Department of Pathology, University of Michigan, 4237 Medical Science I, Ann Arbor, MI 48109, USA.
Comput Biol Chem. 2010 Jun;34(3):149-57. doi: 10.1016/j.compbiolchem.2010.05.001. Epub 2010 May 11.
The problem of finding the longest common subsequence (LCS) for an arbitrary number of sequences is a very interesting and challenging problem in computer science. This problem is NP-complete, but because of its importance, many heuristic algorithms have been proposed, such as Long Run, Expansion Algorithm and THSB. However, the performance, either in result quality or in process time, of many current heuristic algorithms deteriorates fast when the number of sequences and sequence length increase. In this paper, we have proposed a post-process heuristic algorithm for the LCS problem, the Deposition and Extension Algorithm (DEA). This algorithm first generates common subsequence by "sequence deposition" based on fine tuning of search range, and then extends this common subsequence. The algorithm is proven to generate Common Subsequences (CSs) with guaranteed lengths. The experiments on different dataset showed that the results of DEA algorithm were better than those of Long Run and Expansion Algorithm, especially on many long sequences. The algorithm also had superior efficiency both in time and memory space.
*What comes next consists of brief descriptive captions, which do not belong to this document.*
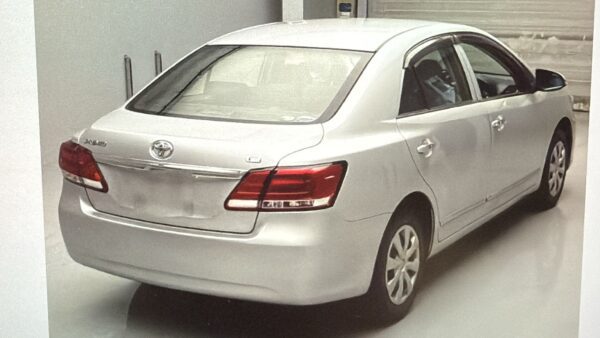Toyota Premio - Image 3
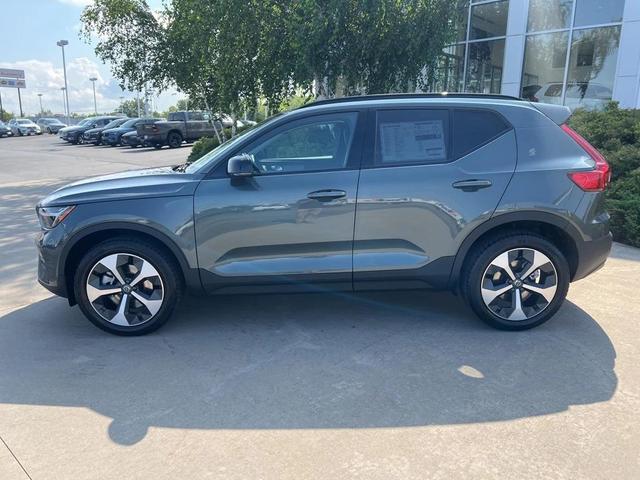 Photo of 2026 Forest Lake Volvo XC40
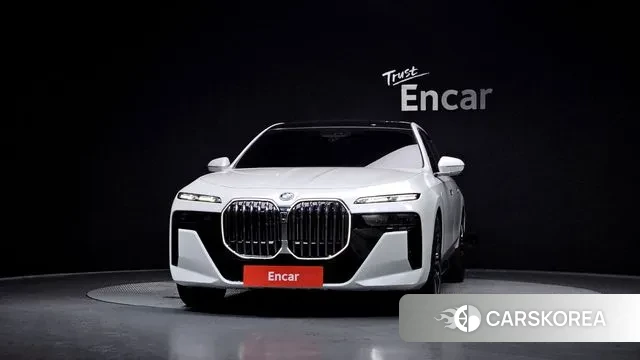 BMW 7 Series (G70) id 3739847 из Кореи 13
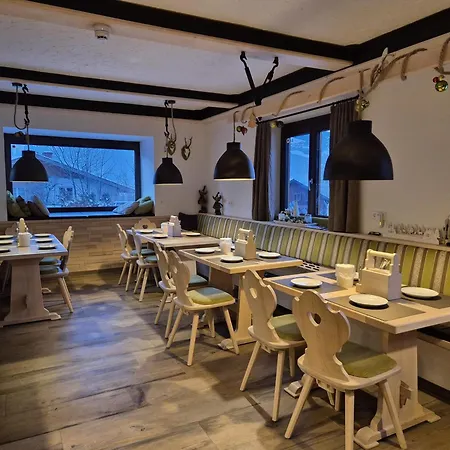 Gaestehaus Zum Steirischen Kuss *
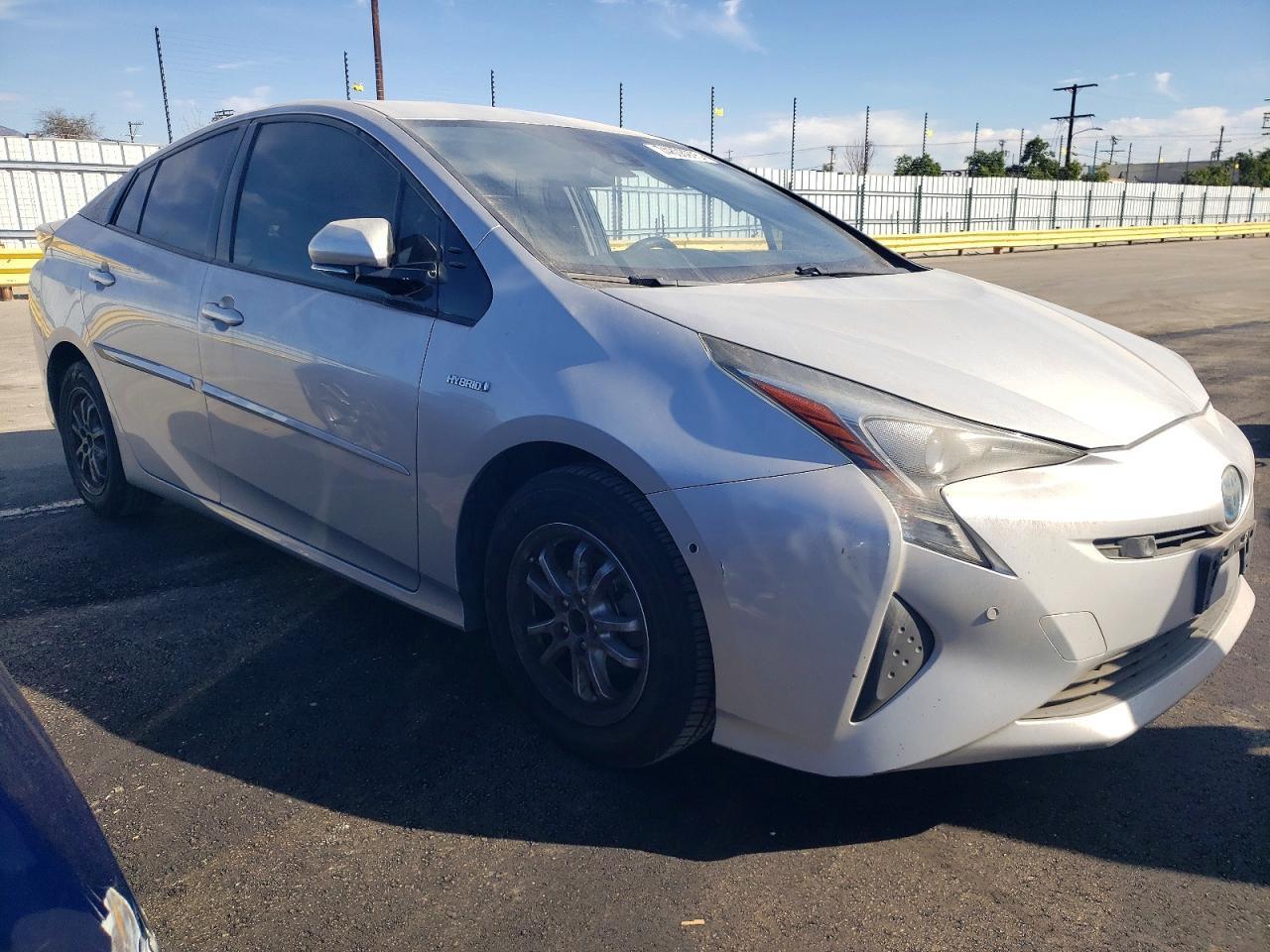 2018 TOYOTA PRIUS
寻找任意数量序列的最长公共子序列(LCS)的问题是计算机科学中一个非常有趣和具有挑战性的问题。这个问题是 NP 完全的,但是由于它的重要性,已经提出了许多启发式算法,例如 Long Run、Expansion Algorithm 和 THSB。然而,当序列数量和序列长度增加时,许多当前启发式算法的性能,无论是在结果质量还是在处理时间方面,都会迅速恶化。在本文中,我们提出了一种针对 LCS 问题的后处理启发式算法,即沉积和扩展算法(DEA)。该算法首先通过基于搜索范围的微调的“序列沉积”生成公共子序列,然后扩展此公共子序列。该算法被证明可以生成具有保证长度的公共子序列(CSs)。在不同数据集上的实验表明,DEA 算法的结果优于 Long Run 和 Expansion Algorithm,尤其是在许多长序列上。该算法在时间和内存空间方面也具有较高的效率。